Each time someone lands in my page list.php?id=xxxxx it requeries some MySQL queries to return this:
$ids = array(..,..,..); // not big array - not longer then 50 number records
$thumbs = array(..,..,..); // not big array - not longer then 50 text records
$artdesc = "some text not very long"; // text field
Because the database from which I make the queries is quite big I would like to cache this results for 24h in maybe a file like: xxxxx.php in a /cache/ directory so i can use it in include("xxxxx.php") if it is present. ( or txt files !? , or any other way )
Because there is very simple data I believe it can be done using a few of PHP lines and no need to use memcached or other professional objects.
Becasuse my PHP is very limited can someone just place the PHP main lines ( or code ) for this task ?

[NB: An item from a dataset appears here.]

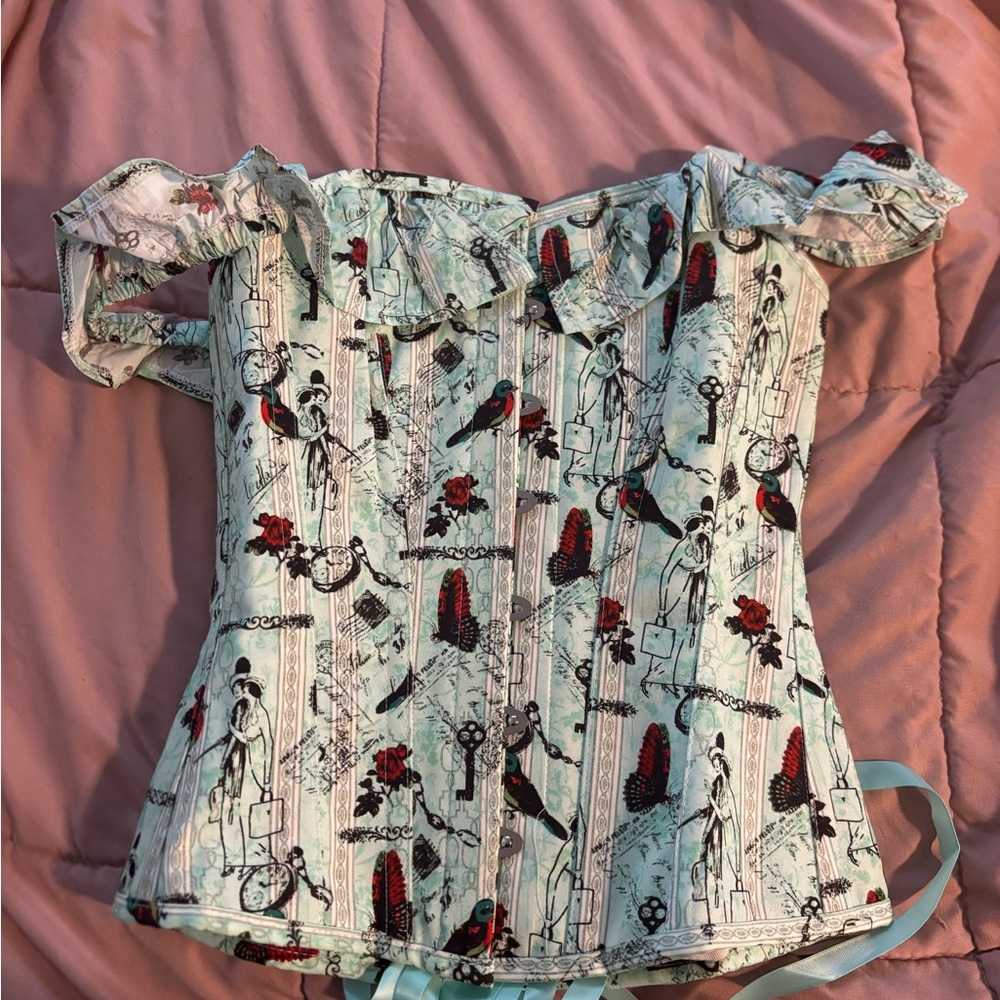 Chic Off-Shoulder Floral Corset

I really would be very thankfull !
Caching a PHP array is pretty easy:
file_put_contents($path, '<?php return '.var_export($my_array,true).';?>');
Then you can read it back out:
if (file_exists($path)) $my_array = include($path);
You might also want to look into ADOdb, which provides caching internally.
Try using serialize;
Suppose you get your data in two arrays $array1 and $array2. Now what you have to do is store these arrays in file. Storing string (the third variable in your question) to file is easy, but to store an array you have to first convert it to string.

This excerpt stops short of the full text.